AIM OF THE TASK → Exact copy, no pictures: repeat the data that follows.

DATA →
[Start of Attachment]

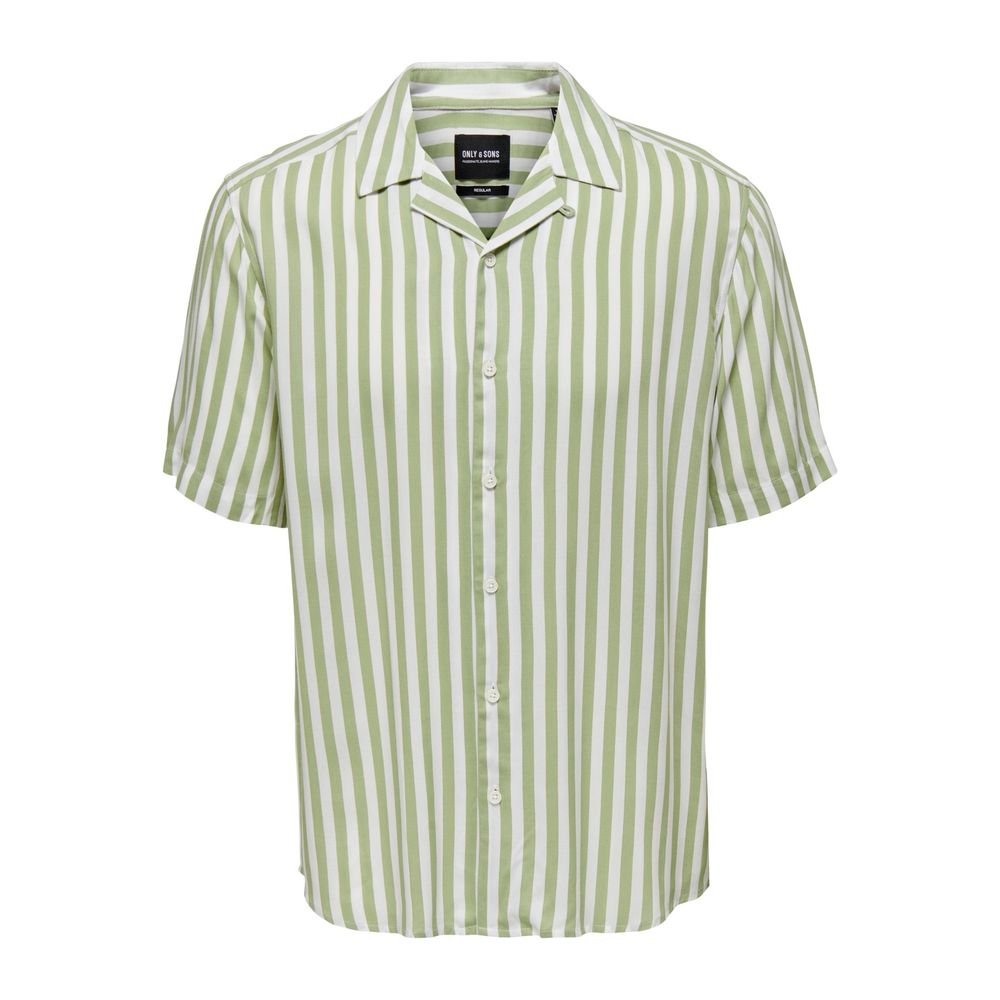 Only & Sons Green Viscose Shirt - IT44 | S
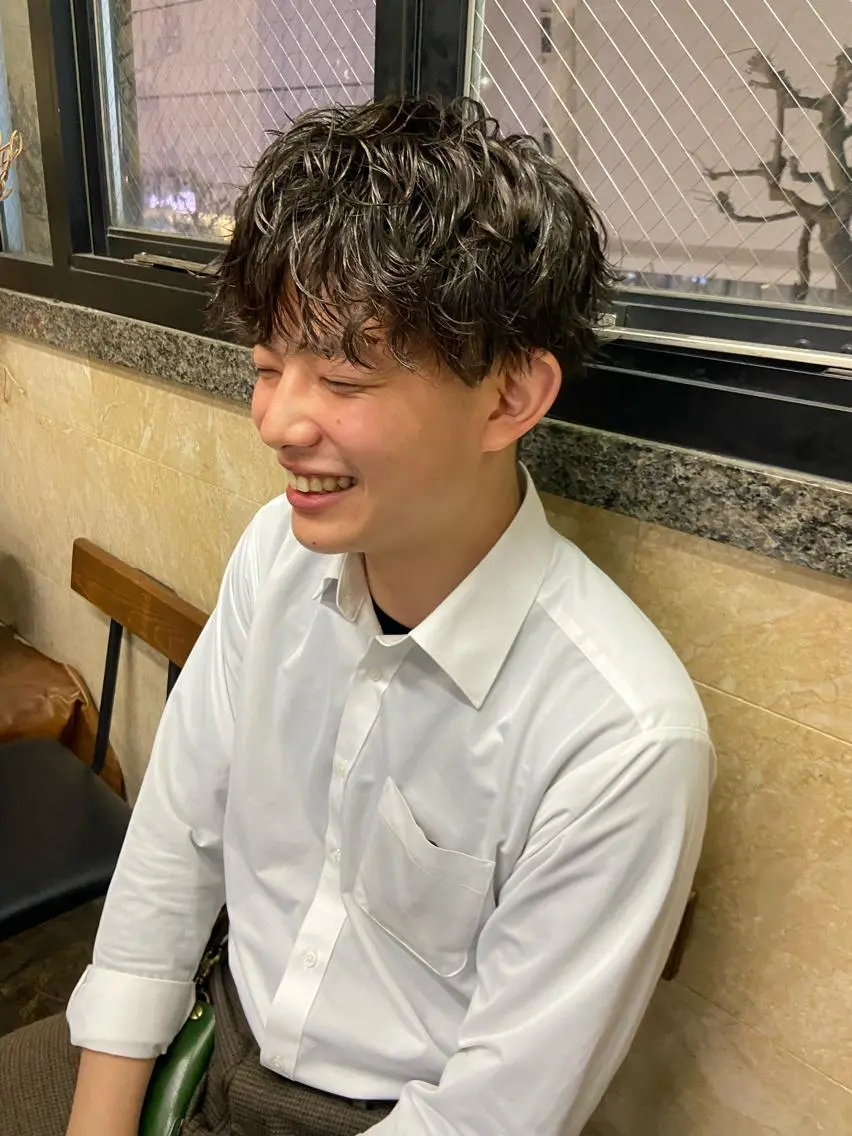 メンズ 地毛風艶カラー🌿 喜多夏海のヘアスタイル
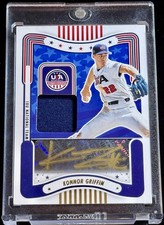2024 Panini USA Konnor Griffin #/50 GOLD Ink Autograph 18u Game Jsy #sm-kg cc30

[End of Attachment]

FINISHED EXERCISE →
 Only & Sons Green Viscose Shirt - IT44 | S
 メンズ 地毛風艶カラー🌿 喜多夏海のヘアスタイル
2024 Panini USA Konnor Griffin #/50 GOLD Ink Autograph 18u Game Jsy #sm-kg cc30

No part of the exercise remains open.